Everything from the line containing "Building Photo - 112 Queensberry St" to the last line of the material below must be retyped exactly, both ends included; skip the pictures.
INFORMATION PROVIDED START
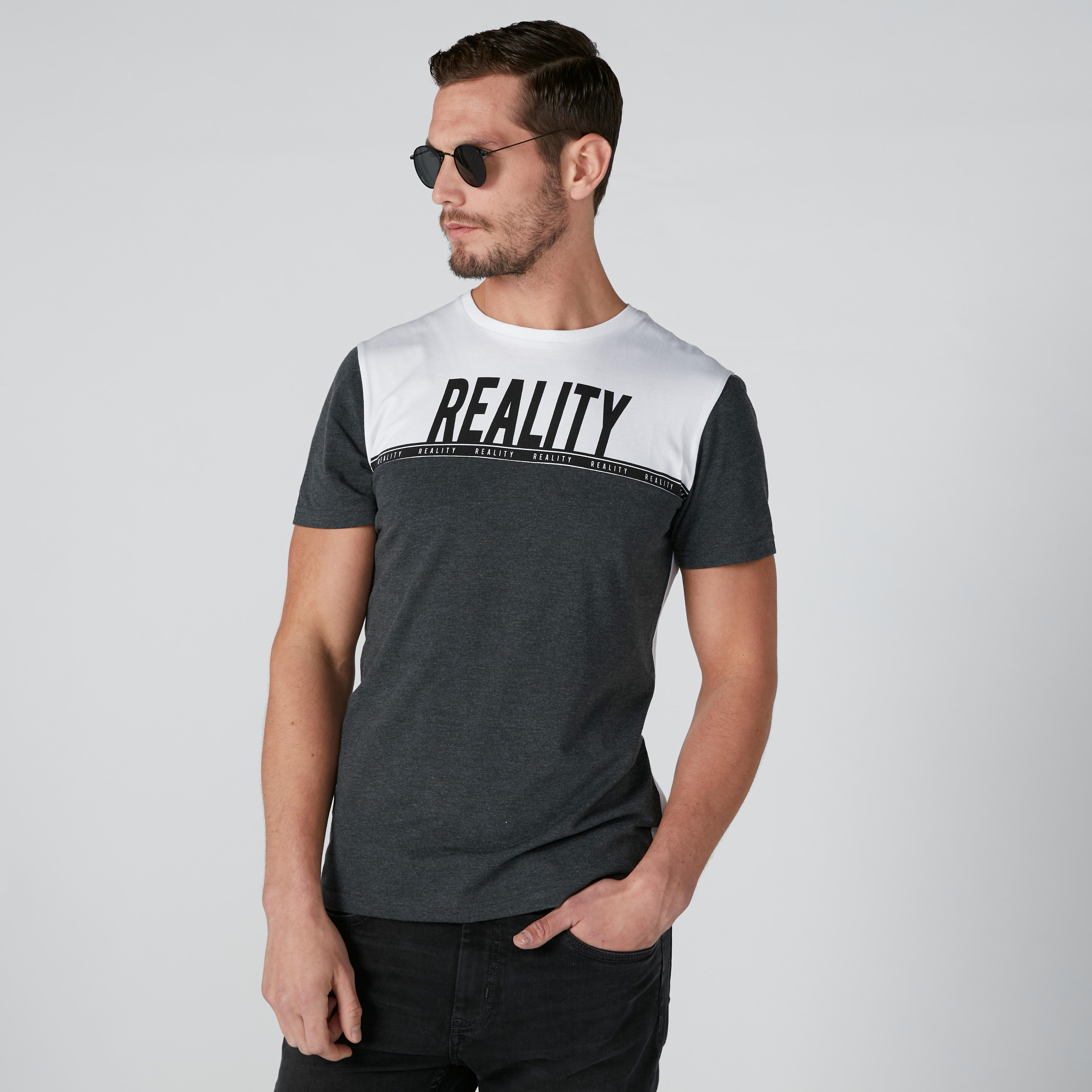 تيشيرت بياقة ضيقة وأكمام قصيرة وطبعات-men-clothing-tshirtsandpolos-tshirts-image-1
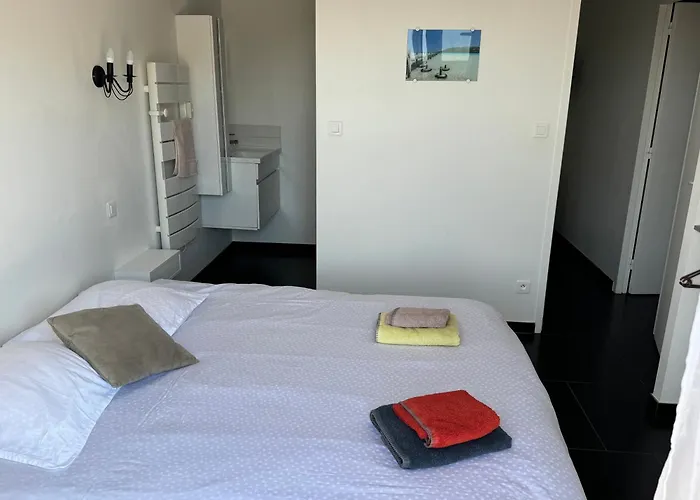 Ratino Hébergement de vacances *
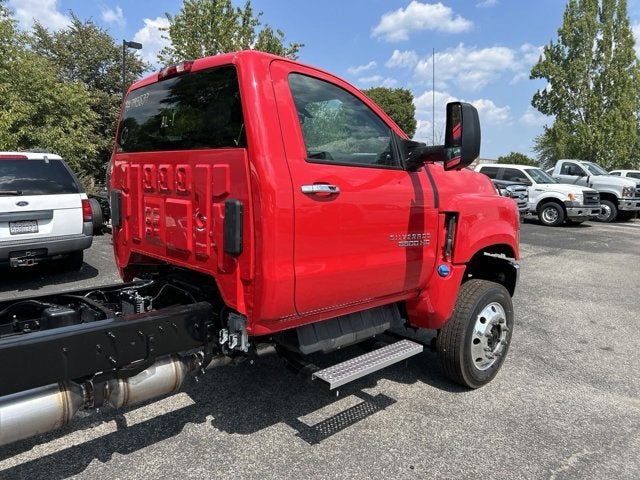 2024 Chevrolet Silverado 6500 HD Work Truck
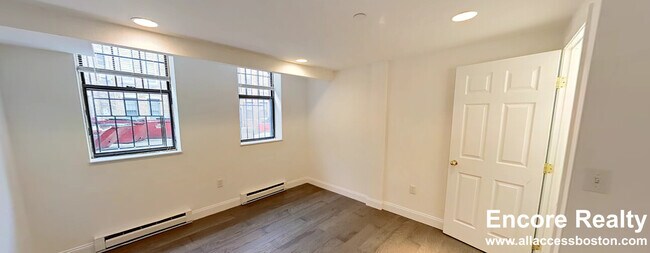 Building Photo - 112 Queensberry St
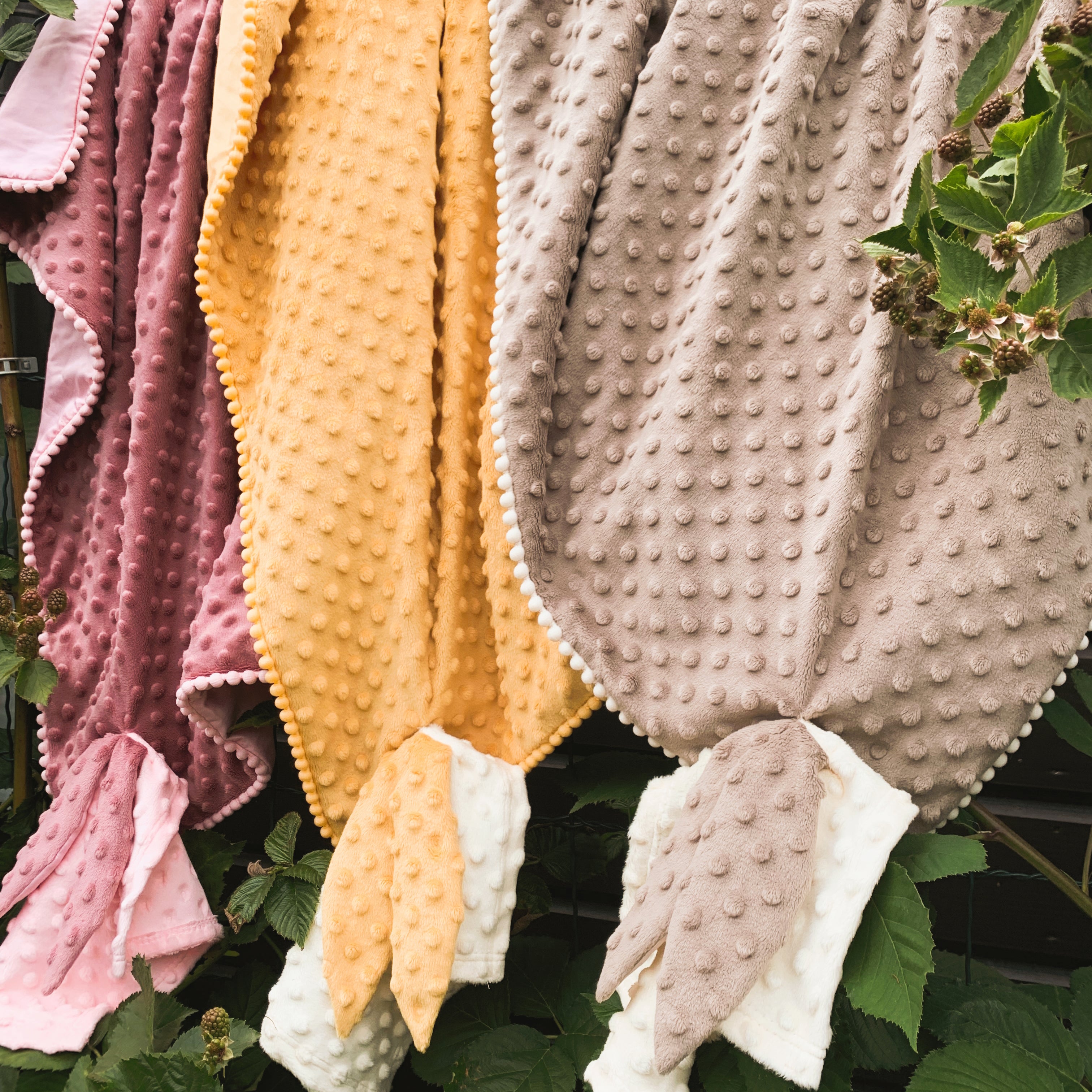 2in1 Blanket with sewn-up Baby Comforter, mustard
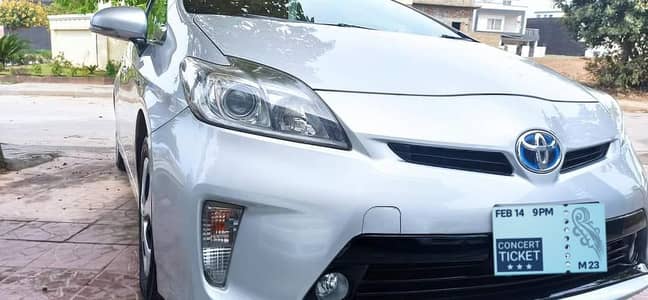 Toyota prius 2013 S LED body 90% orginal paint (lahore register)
INFORMATION PROVIDED END
_ANSWER_.
 Building Photo - 112 Queensberry St
 2in1 Blanket with sewn-up Baby Comforter, mustard
 Toyota prius 2013 S LED body 90% orginal paint (lahore register)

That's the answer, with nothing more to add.